Former Sun editor Kelvin MacKenzie has launched a social media service to help consumers name and shame companies that fail to respond to complaints.
The platform, called A Spokesman Said, lets consumers sign up and publish complaints about companies that mistreat them.
Once the complaint is approved and published, a virtual countdown clock starts ticking to measure the time it takes for the company to respond. Companies have two days to respond.
They are then ranked and penalised according to a “Customer Powerscore”, based on their response speed and whether the complainant is satisfied with their response.
Users of the site have to sign up using their real identities, and are encouraged to upload evidence such as pictures and Youtube links to support their complaints.

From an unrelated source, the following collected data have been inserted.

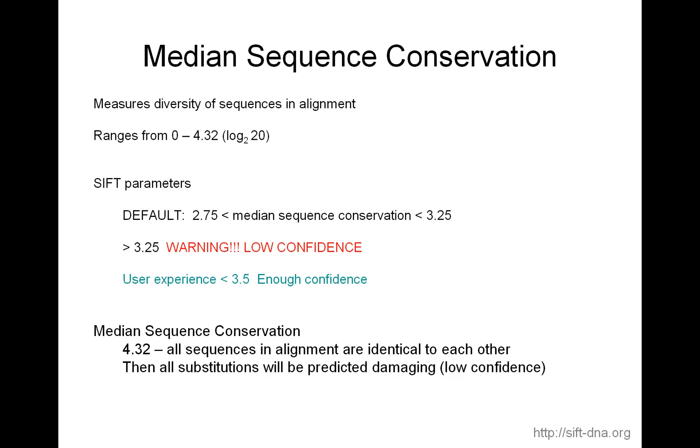Basically, things are looking identical to each other. And that could be a database issue rather than true evolution. So that's why you'll get a warning of low confidence. In user experience, and I've done this too, I've actually gone up to 3.5. And I think 3.5 is enough confidence. So the median sequence conservation is a measure where if it's 4.32, then all sequences in alignment are identical to each other. And obviously, it's not good for prediction because every single position appears conserved. And so any substitution will be predicted damaging. So there's no confidence. And so that's why you want to lower it and have a median sequence conservation between 2.75 and 3.25, ideally. And if there's not enough homologous sequences, hopefully you can reach 3.5. So the median sequence conservation is a reflection of the confidence in a prediction.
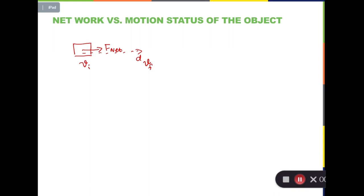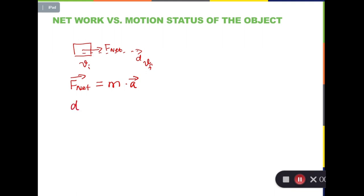Based on Newton's second law, the net force on a single object is equal to the mass times the acceleration. F_net and acceleration are both vectors. Also based on kinematics, this object is undergoing constant acceleration motion — specifically one-dimensional constant acceleration. There is one kinematics equation which says the total distance is equal to v_f squared minus v_initial squared divided by 2 times acceleration.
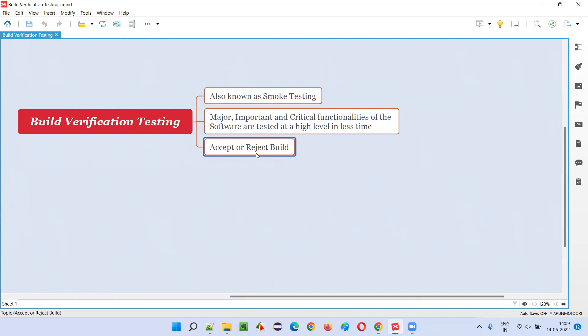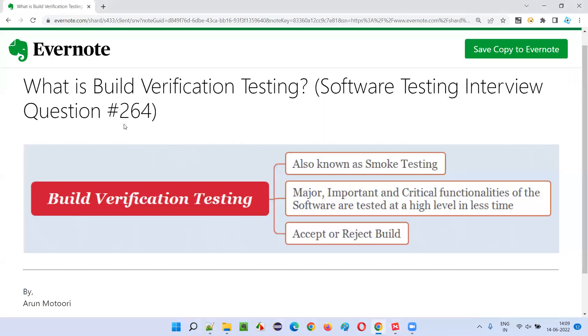So that is what build verification testing is. I hope you understood what is build verification testing in this session. That's all for this session; in the next session I am going to answer another software testing interview question. Till then, see you — bye bye.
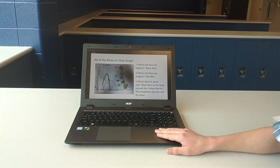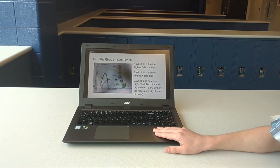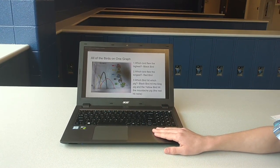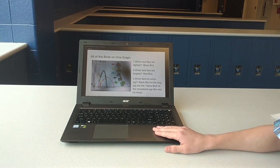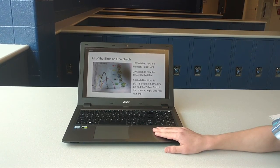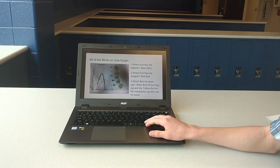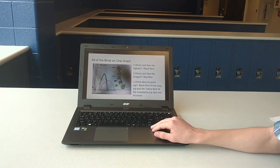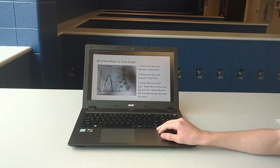Question number three, which bird hit which pig? Black Bird hit King Pig, and Yellow Bird hit Mustache Pig. And the other ones didn't directly hit any.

MacKenzie said: “As an editor I know the power of publicity to force companies and politicians to do the right thing.
“Now we are putting that power directly into the hands of the man or woman in the street.
“This is something I have been thinking about for over thirty years. Thanks to social media and web technology we can now really make it work on a big scale.”
MacKenzie’s new venture coincides with his return to The Sun as a columnist. He is best known for editing The Sun from 1981 to 1994.
Since leaving The Sun MacKenzie has written for the Telegraph and the Daily Mail, and has invested in private media ventures.
He sold the video rights company Base 39, which he founded with his son Ashley, for £50m last year.
A Spokesman Said is funded personally by Kelvin MacKenzie and a group of private backers. City AM have reported that Rupert Murdoch is among those backing him.